When: Tuesday, October 19, 2021
11:00 AM - 1:00 PM
Where: > See description for location
Description: Please NOTE:
The original date of 9/14/21 has been cancelled and is rescheduled to 10/19/21!

Mechanical Engineering MS Thesis Defense by Mr. Jared Correia

October 19, 2021

11:00 a.m. - 1:00 p.m.

Join Zoom Meeting

Please contact the MS Thesis Advisor for Meeting ID and Passcode.

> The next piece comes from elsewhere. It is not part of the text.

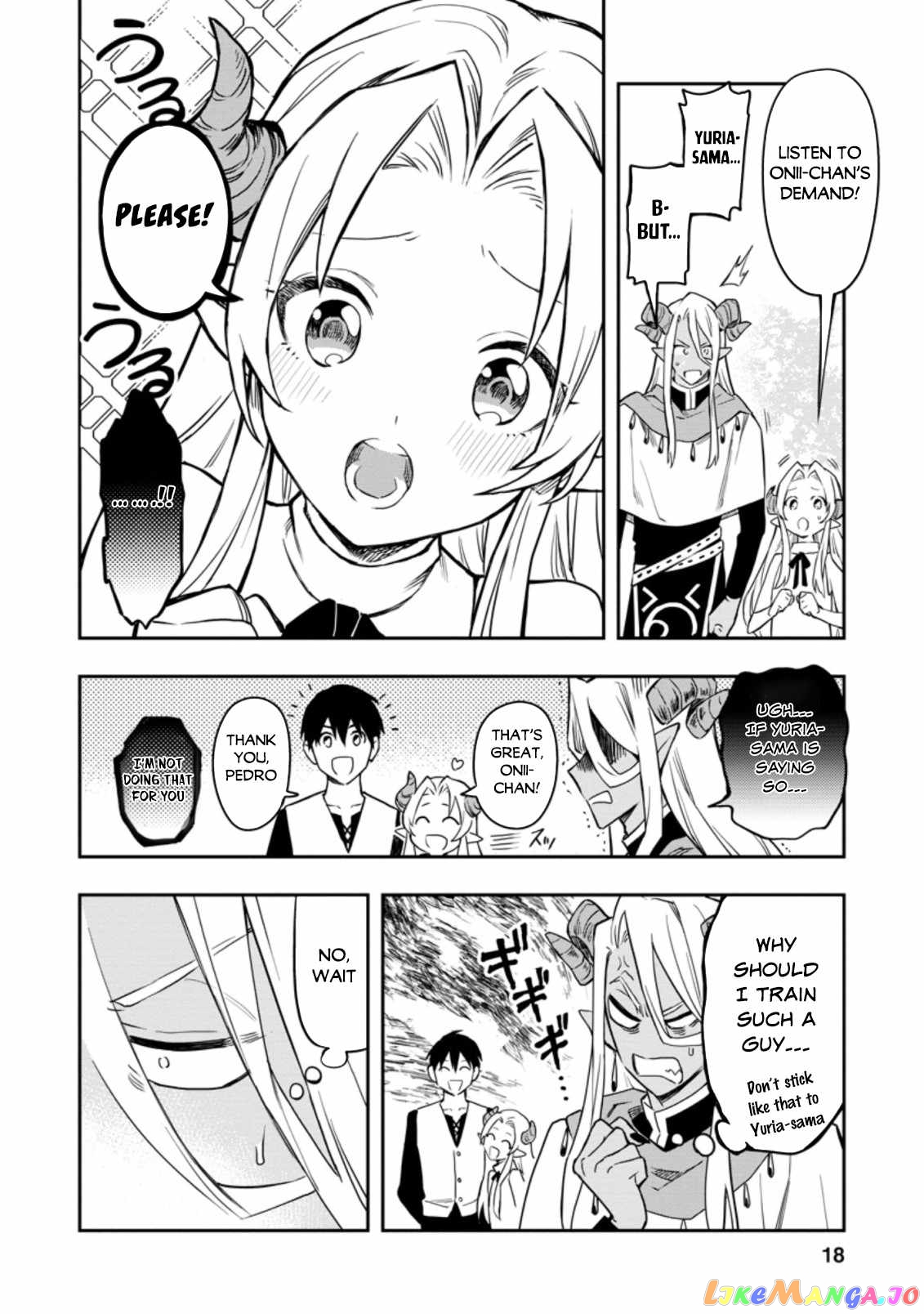 Noumin Kanren no Skill bakka Agetetara Naze ka Tsuyoku Natta. chapter 31.2 - page 8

A comprehensive experimental impact characterization study of novel impact energy absorbing (IEA) materials for sport helmet pads is conducted. These novel pad materials are fabricated using University of Massachusetts Dartmouth's Flocked Energy Absorbing Material (FEAM). FEAM based IEA panels are prepared by flocking 1 to 3 mm long, 6 to 60 denier textile fibers onto a planar fabric sheet. Flocked fibers are oriented upright to the direction of compressional impact such that energy absorption occurs by the bending, buckling and inter-fiber friction of the upright flock fibers during deformation by impact loading. FEAM pad configurations were tested directly via a double lap shear jig and guided weight drop tower. IEA results of a parametric study are thus reported where the fiber material properties such as flock fiber length, diameter (denier) and flock density (number of flock fibers per area) are presented, discussed, and compared with common vinyl nitrile (VN) foam. Padding material based on FEAM configurations showed remarkable improvement when compared directly to VN foam under pre-compression and dynamic shear loading, with a 135% increase in shear strain energy density for the high impact velocity loading condition, and a 49% increase for low impact velocity condition. The IEA performance of the padding materials, in terms of both linear and angular accelerations, under impact loads were then evaluated using a linear impactor and instrumented NOCSAE head. Impacts from various directions simulate real-time helmet-to-helmet collisions while a high-speed camera is used to record and track neck flexion angles to better understand head kinematics of struck players. The best FEAM padding showed a decrease in resultant angular acceleration of the struck player head of 12.9% , 18% , 9.9%, 14.4%, 17.2%, and 14.4% when struck at 6 m/s at the front, front boss, rear, rear boss cg, rear boss nc, and side locations respectively as compared with VN foam padding.

Dr. Vijaya Chalivendra, Professor of Mechanical Engineering, and Graduate Program Director, UMassD

-Dr. Jun Li, Assistant Professor of Mechanical Engineering, UMassD
-Dr. Caiwei ShenYong Kim, Assistant Chancellor Professor of BioeMechanical Engineering, UMassD

Open to the public. All MNE students are encouraged to attend.